[ABOUT THIS TASK]: All entries are to be transcribed verbatim, but images are not carried over.

BEGIN DATA

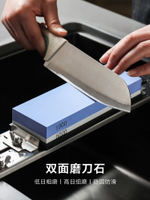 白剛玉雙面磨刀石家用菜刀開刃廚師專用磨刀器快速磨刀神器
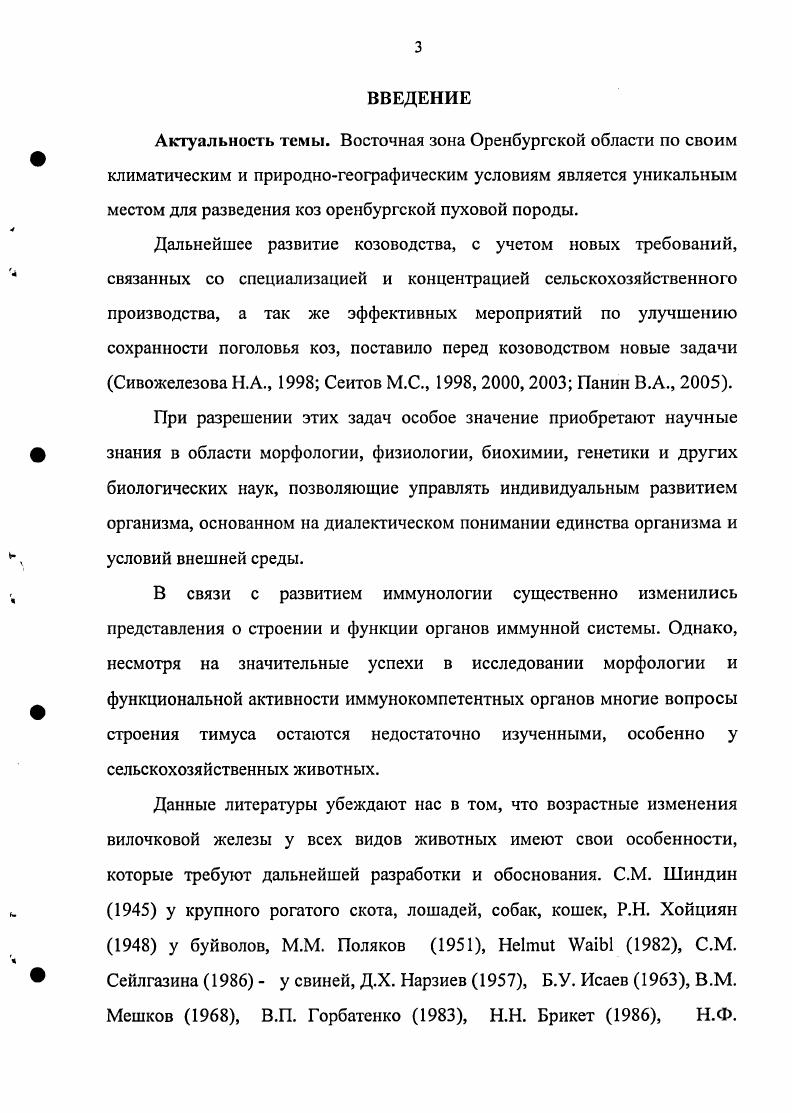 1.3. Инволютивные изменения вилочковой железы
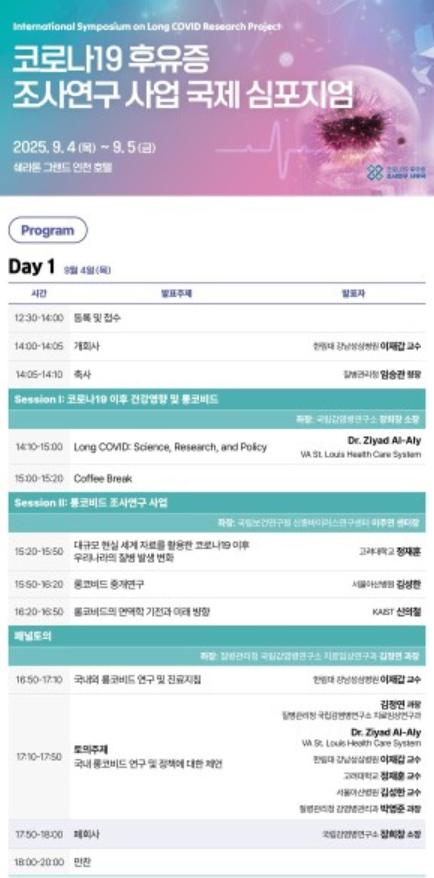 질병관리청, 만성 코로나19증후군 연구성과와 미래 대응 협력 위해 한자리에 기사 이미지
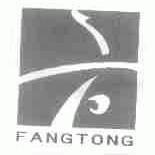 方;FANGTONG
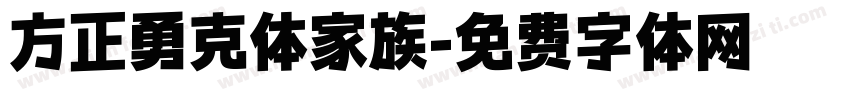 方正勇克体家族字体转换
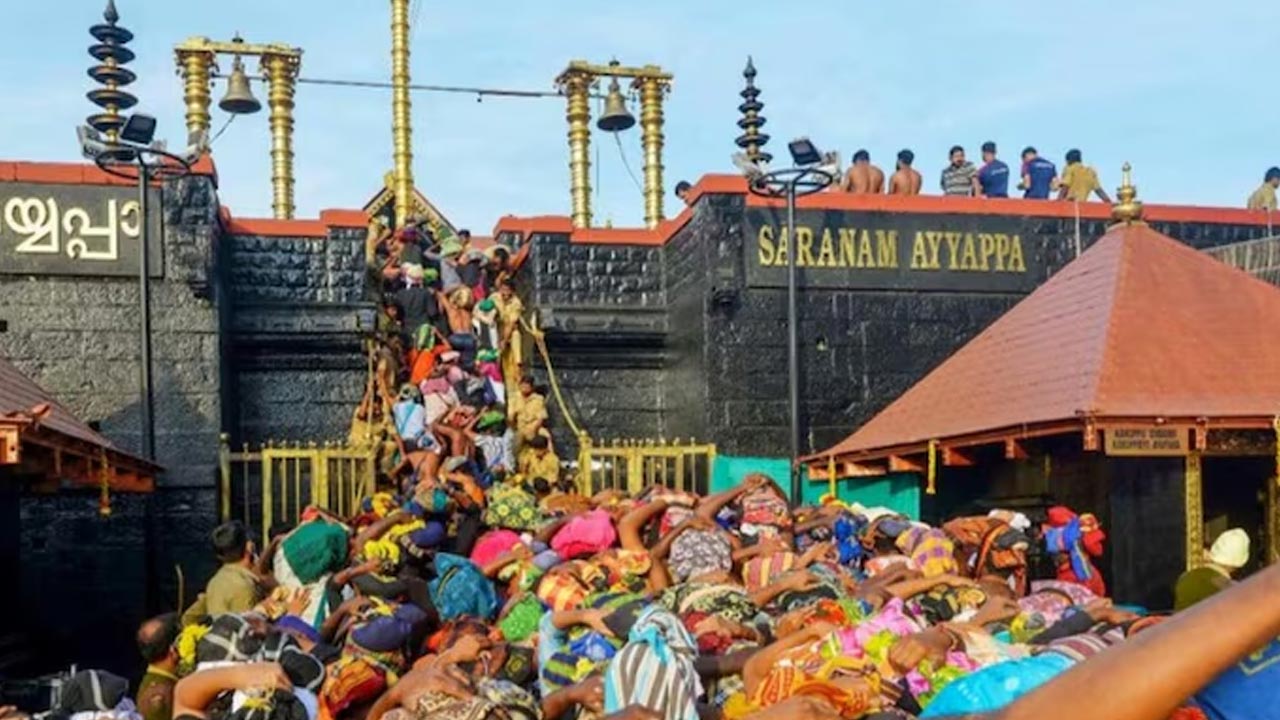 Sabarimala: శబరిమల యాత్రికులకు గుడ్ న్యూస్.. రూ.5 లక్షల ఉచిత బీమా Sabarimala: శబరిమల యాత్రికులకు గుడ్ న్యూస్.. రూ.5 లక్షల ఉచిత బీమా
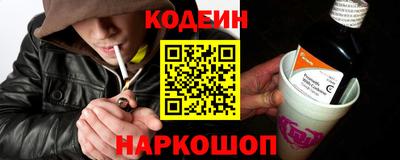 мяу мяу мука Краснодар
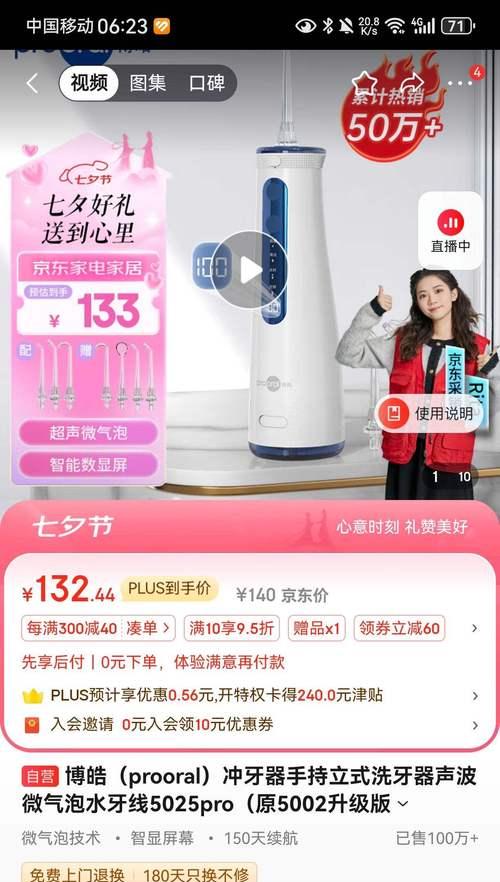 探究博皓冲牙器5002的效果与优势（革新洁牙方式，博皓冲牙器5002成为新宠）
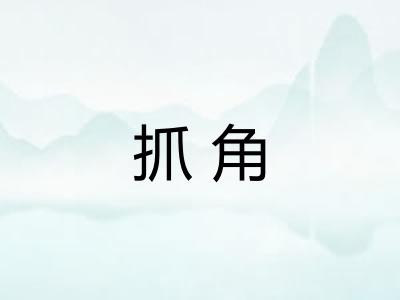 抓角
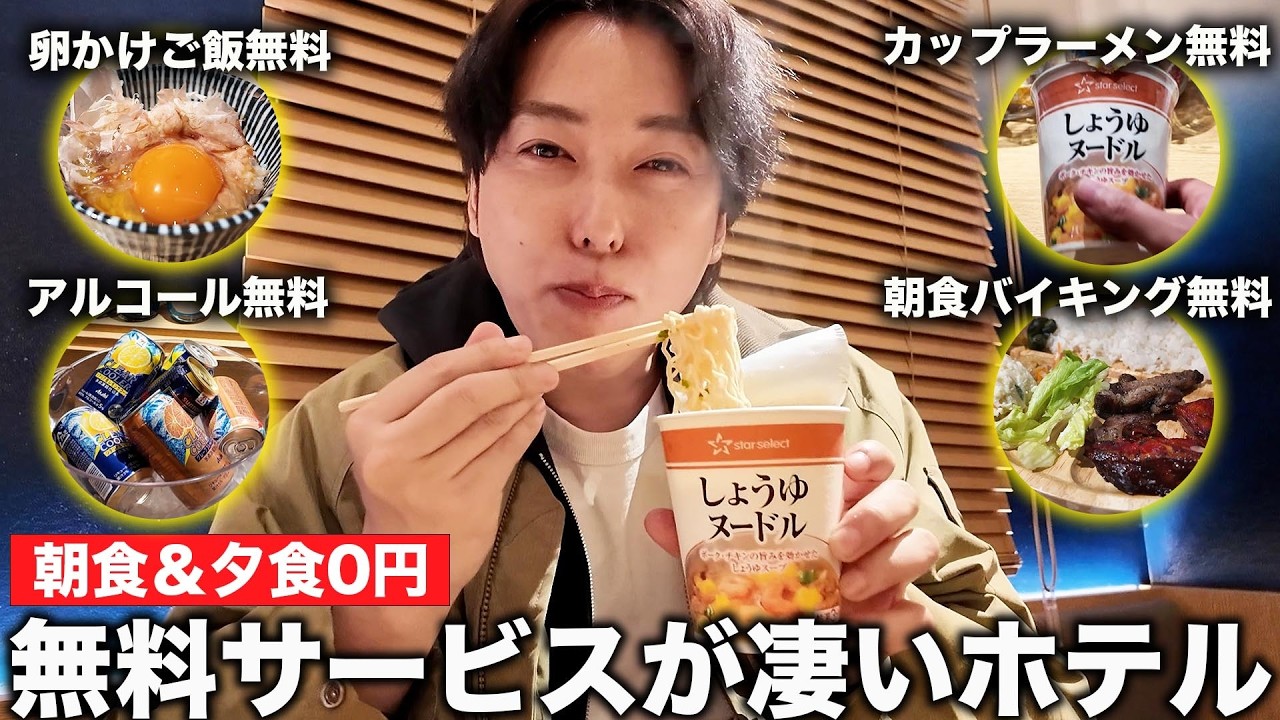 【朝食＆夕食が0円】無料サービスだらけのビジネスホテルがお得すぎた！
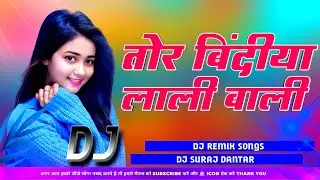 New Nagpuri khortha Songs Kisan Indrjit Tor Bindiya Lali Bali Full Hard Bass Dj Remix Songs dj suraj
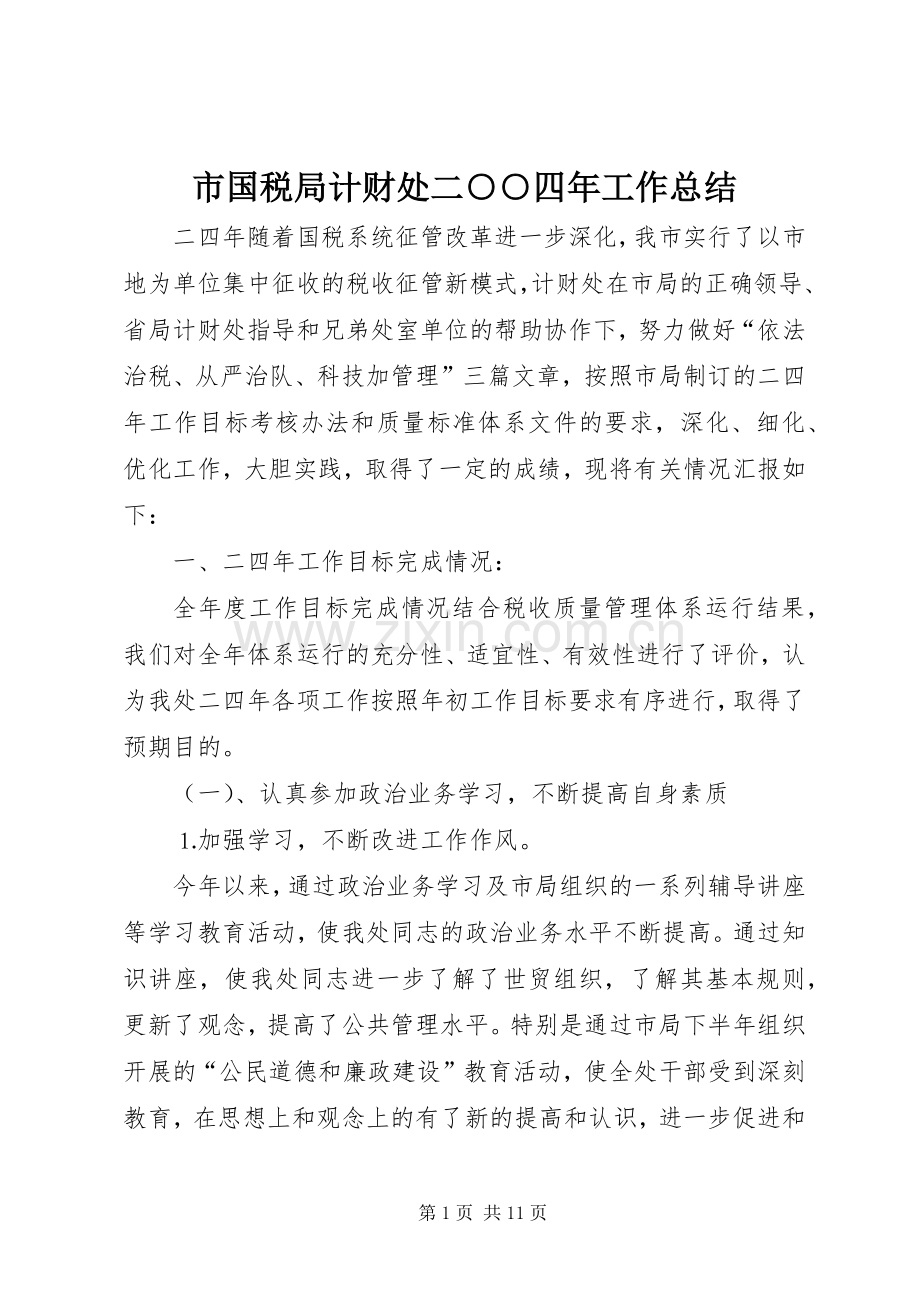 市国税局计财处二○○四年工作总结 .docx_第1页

END DATA

[RESPONSE TO THIS TASK]:
 白剛玉雙面磨刀石家用菜刀開刃廚師專用磨刀器快速磨刀神器
 1.3. Инволютивные изменения вилочковой железы
 질병관리청, 만성 코로나19증후군 연구성과와 미래 대응 협력 위해 한자리에 기사 이미지
 方;FANGTONG
 方正勇克体家族字体转换
 Sabarimala: శబరిమల యాత్రికులకు గుడ్ న్యూస్.. రూ.5 లక్షల ఉచిత బీమా Sabarimala: శబరిమల యాత్రికులకు గుడ్ న్యూస్.. రూ.5 లక్షల ఉచిత బీమా
 мяу мяу мука Краснодар
 探究博皓冲牙器5002的效果与优势（革新洁牙方式，博皓冲牙器5002成为新宠）
 抓角
 【朝食＆夕食が0円】無料サービスだらけのビジネスホテルがお得すぎた！
 New Nagpuri khortha Songs Kisan Indrjit Tor Bindiya Lali Bali Full Hard Bass Dj Remix Songs dj suraj
 市国税局计财处二○○四年工作总结 .docx_第1页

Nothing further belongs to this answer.